Önsözünde, zaman darlığından, tanınmış şairleri seçerek özetlemiş olduğunu ve
eseri kendisi yararlanması için kaleme aldığını yazar... Osmanlının ilk dönemlerinde
şiire ve bilime karşı fazla itibar olmadığını, yazılan şiirlerin acemice
olduklarını, şiire karşı asıl sevginin, Fatih Sultan devrinden itibaren başladığını
da ondan öğreniyoruz.
İki
bölümden oluşan Beyani Tezkeresi’nin
birinci bölümünde 5 padişah ve 4 şehzade: Fatih Sultan Mehmet (Avni), Sultan
Beyazıt (Adli), Yavuz Selim (Selimi), Kanuni Sultan Süleyman (Muhibbi), Sultan
II. Selim (Selimi) ve şehzade Cem, Mustafa (Muhlisi), Beyazit, Murat
alınmıştır. İkinci bölümünde ise XV ve XVI yüzyıllarda yeralmış olan 362 şair
vardır. Böylece bütün tezkerede 377 şair hakkında bilgi verilmiş olduğu görülür.

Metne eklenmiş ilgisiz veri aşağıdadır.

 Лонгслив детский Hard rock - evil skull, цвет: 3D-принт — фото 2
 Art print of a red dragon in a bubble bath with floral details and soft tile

Beyani Tezkeresi’nde, “Şuara-yı Rum” denilen Rumeli şairlerinden; Fevdi, Hayreti, Hasan
Ahi ve nazmın bütün inceliklerine vakıftır dediği Sani vb. Şairlere de yer
verilir... Beyani Tezkiresi’nin el yazmaları İstanbul Üniversitesi Kütüphanesi’nde,
Millet Kütüphanesi’nde, Beyazıt Kütüphanesi’nde bulunmaktadır. Devrinin
karanlık köşelerine ışık tutan bu eser, sadece edebiyat açısından değil, her
bakımdan ayrıca önem taşımaktadır.
KAYNAK:
Niyazi Hüseyin Bahtiyar / Balkanlar’da Türk Ünlüleri (1999), İhsan Işık / Resimli ve Metin Örnekli Türkiye
Edebiyatçılar ve Kültür Adamları Ansiklopedisi (C. 12, 2015).